Session Spotlight
I'm a Developer not a Data Scientist: How do I leverage LLM's?
Wednesday, January 31, 2024 - 8:30 PM UTC, for 1 hour.
Regular, 60 minute presentation
Room: Campsite 5
As a developer, you may feel intrigued by the potential of Large Language Models (LLMs) like GPT-3 and GPT-4 but wonder how to effectively leverage them without extensive data science expertise. In this talk, we will guide developers on harnessing the power of LLMs and incorporating them into their projects. LLMs offer incredible capabilities for natural language processing, content generation, and more. However, you don't need to be a data scientist to tap into their potential. We will explore practical strategies and tools that empower developers to work with LLMs efficiently and effectively. Join us as we discuss techniques for data preparation, model selection, and fine-tuning LLMs to suit your specific needs. We will explore user-friendly libraries, APIs, and pre-trained models that simplify the integration process, allowing developers to focus on their core expertise.

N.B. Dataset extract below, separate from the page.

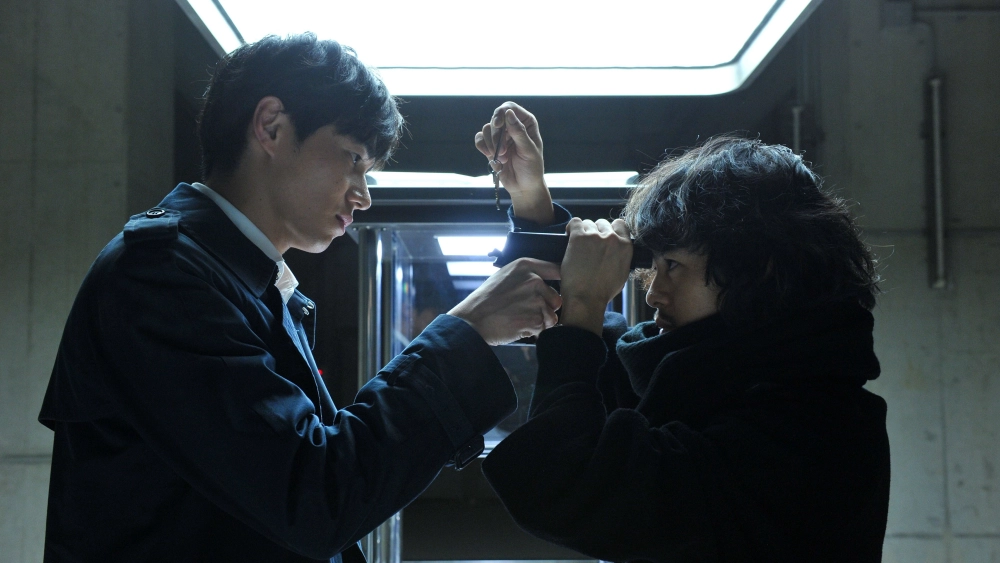 ảnh poster phim Cuốn Sổ Tử Thần: Khai Sáng Thế Giới Mới (Death Note: Light Up the New World)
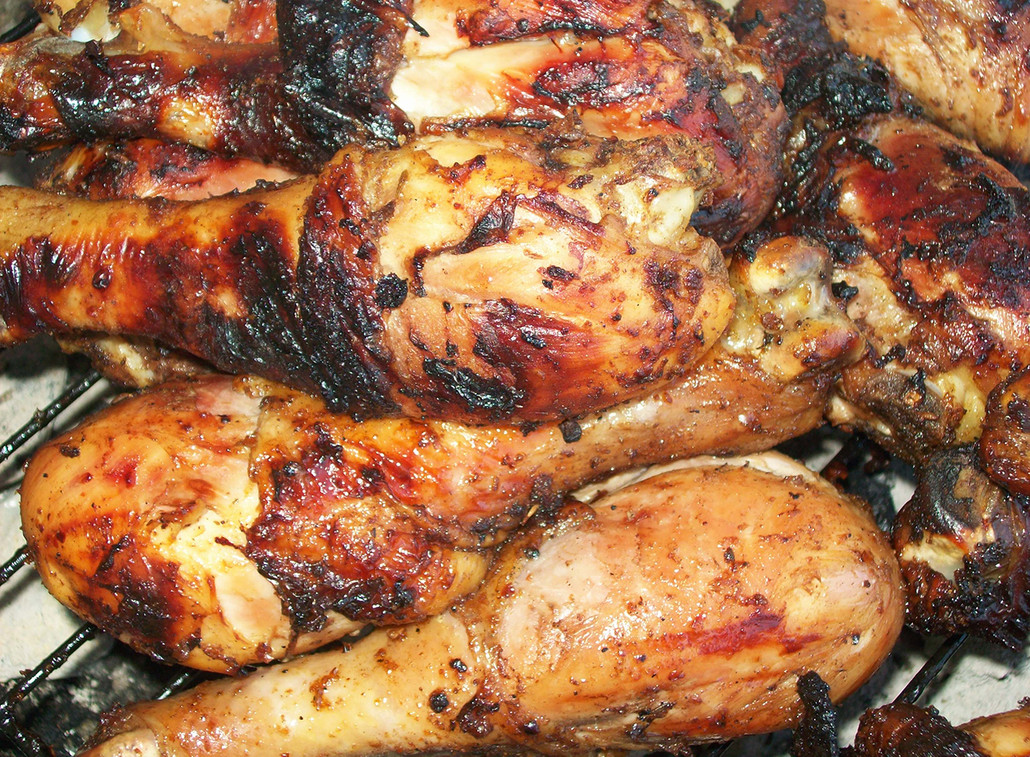 What's in Jamaican Jerk Chicken?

Additionally, we will address common challenges developers may encounter when working with LLMs. By understanding these challenges and learning best practices, developers can navigate potential pitfalls and optimize their use of LLMs. Through hands-on demonstrations and real-world examples, we will showcase how developers can leverage LLMs in various applications. You will leave this talk equipped with practical knowledge and resources to start incorporating LLMs into your projects immediately. Join us to discover how, as a developer, you can unlock the power of LLMs and enhance your applications with cutting-edge natural language processing capabilities. Embrace the potential of LLMs without the need for extensive data science expertise and take your projects to new heights.
Prerequisites
Experienced developer
Take Aways
- Developers can effectively leverage LLMs without extensive data science expertise.
- Techniques for data preparation, model selection, and fine-tuning LLMs will be discussed.
- Hands-on demonstrations and real-world examples will showcase how developers can leverage LLMs in various applications.